I don't know Tomato, but every reasonable router should offer at least the following:

• Firewall rules based on IP addresses
• Firewall rules based on Ethernet (MAC) addresses
• Firewall rules based on VLANs

So you could easily block the machine in question by blocking its IP address and its Ethernet address in the router. Please note that this is not completely safe: The administrator of the machine in question could change the machine's IP address. The Ethernet address of modern NICs can be changed as well. So that method could be circumvented.

On the other hand, VLANs are considered to be safe (unless the firmware has bugs), but are impractical for most home or small office users because every network component between the PC in question and the router must support them.

For example, if the PC in question is connected to a switch, and the switch is connected to the router, and the router should identify the PC based on VLANs, the switch must support VLANs as well. Of course, switches supporting VLANs are much more expensive than standard switches.

Furthermore, VLAN safety is based on the assertion that no user has physical access to the router or switches. Otherwise, the owner of the PC in question can just pull out his network cable from the router, plug it into another network port of the router, configure the PC accordingly, and have full access afterwards.
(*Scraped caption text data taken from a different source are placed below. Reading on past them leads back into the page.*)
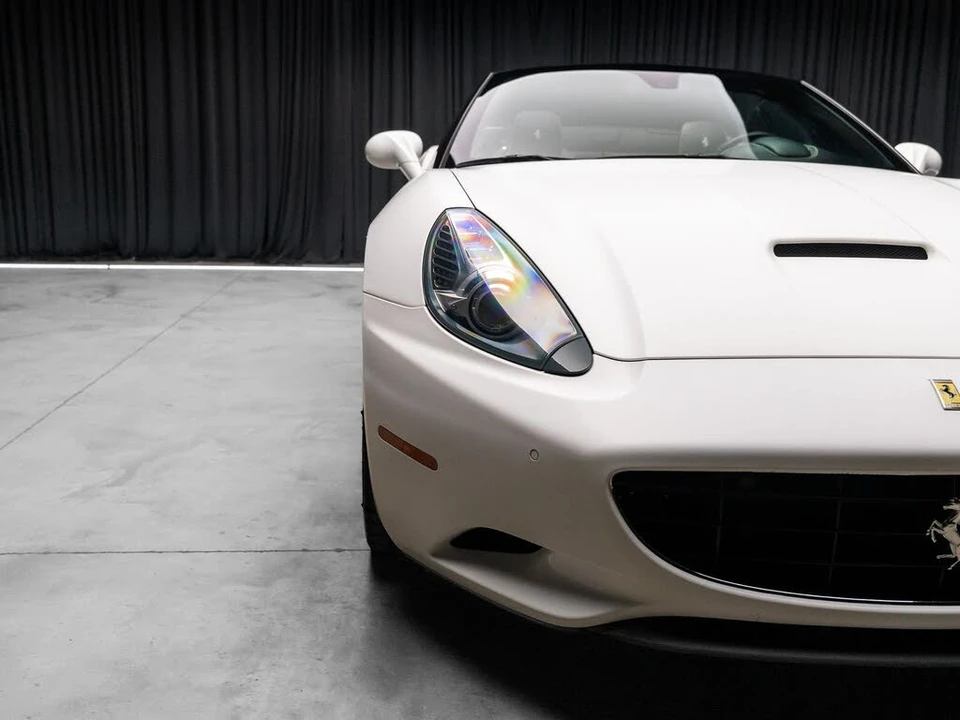 2013 Ferrari California - Image 17 of 31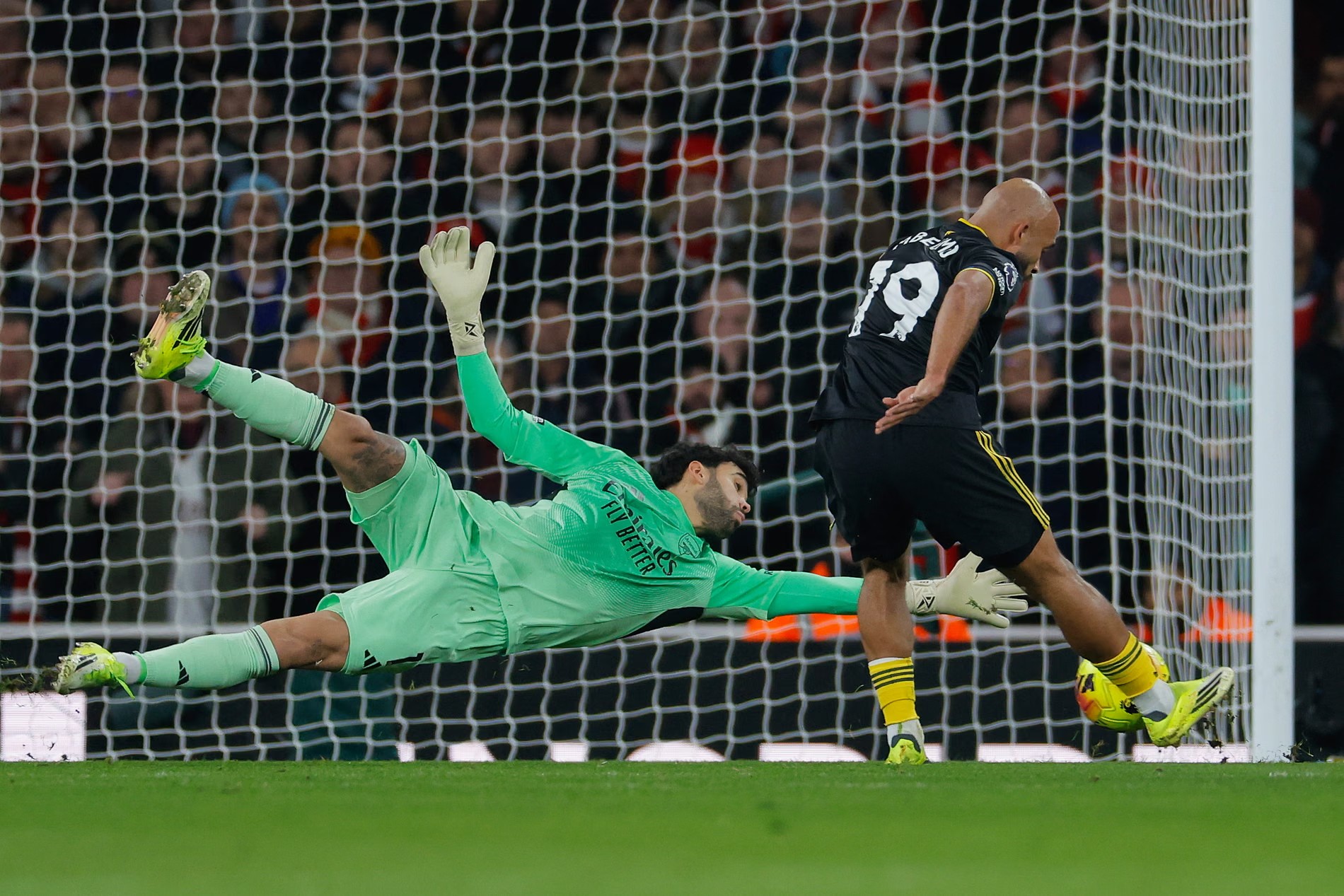 Nwaneri gây sốt Ligue 1 ngay trong lần xuất hiện đầu tiên 3 Vì sao Marseille là điểm đến lý tưởng?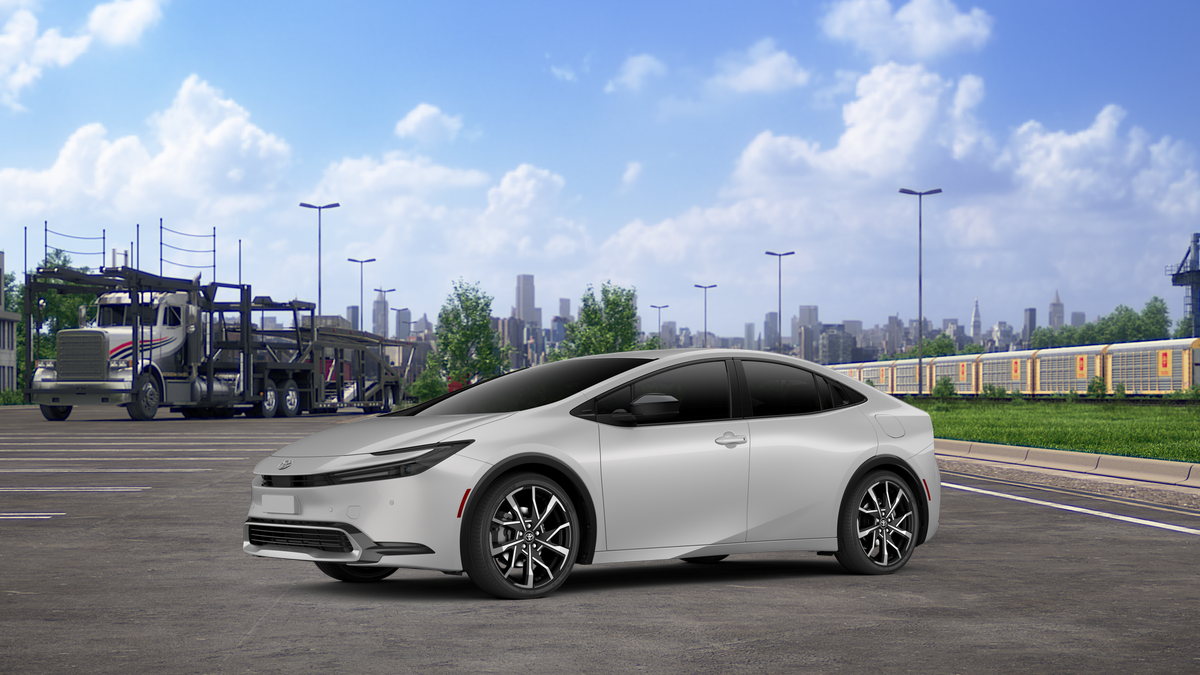2026 Toyota Prius Plug-in Hybrid XSE photo 2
So if you are in an environment with skilled and evil persons, you should place every network component (i.e. switches, routers etc.) in locations where nobody but you has physical access to, you should use VLANs (meaning that every network component has to support them and must be configured accordingly), and you should configure your router to deny or grant access based on the VLAN ID.

But if you just want to prevent your 6-year-old kid from surfing the net, IP-based rules or MAC-based rules are sufficient (probably).

As an additional idea:

People are thinking too complicated in many cases. So if you just would like to prevent some software on the PC in question from breaking out, you could simply remove the gateway from that PC's network configuration.

This is quite easy and safe provided that you have administrative access to that PC, and that you let run that software without administrative privileges. Of course, removing the gateway is possible only if the network is configured manually (and not automatically via DHCP).

A final warning:

If you deny internet access, the O/S won't be able to get updates. This is a very high risk, even if the PC is not connected to the internet (think of viruses on USB sticks and the like), so I really wouldn't do that.

If you would have detailed the reasons for denying internet access, we eventually would have been able to propose a better solution ...

Check the Parental Controls.

I'm not familiar with Tomato settings but many firmwares will let you control and/or meter the internet access using parental controls.

You should be able use the machines IP or MAC address to restrict its access.

I can block access completely or allow it on a schedule with my Asus router.